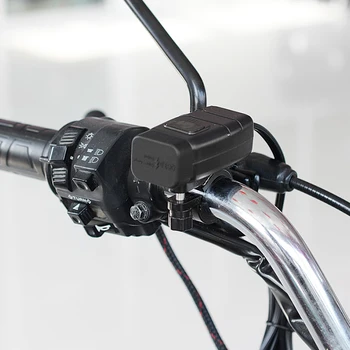 Motociklo dvigubai QC3.0 sparčiai įkrauti 12V telefono įkroviklis su mėlyna voltmeter maitinimo išjungimas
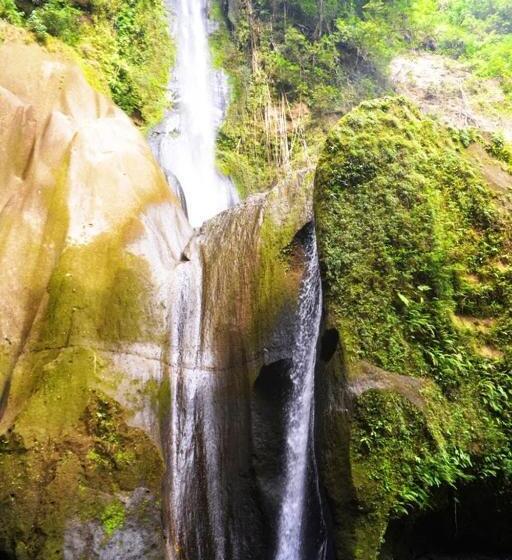 צימר Baywalk Suites Batangas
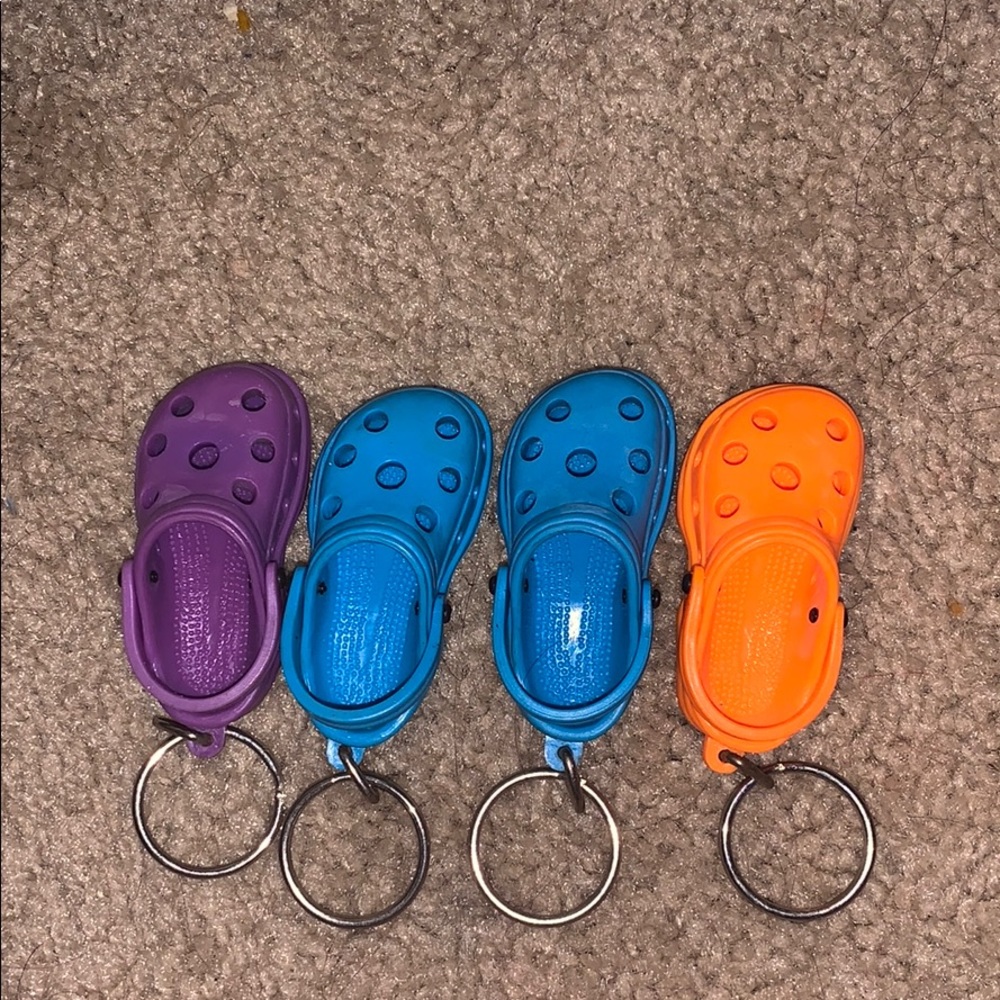Mini crocs keychain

──────────────────────────────

■ Problem requirements ■
Transcribe all of the data above exactly; no picture belongs in the copy.

■ Result of the exercise ■
 Motociklo dvigubai QC3.0 sparčiai įkrauti 12V telefono įkroviklis su mėlyna voltmeter maitinimo išjungimas
 צימר Baywalk Suites Batangas
Mini crocs keychain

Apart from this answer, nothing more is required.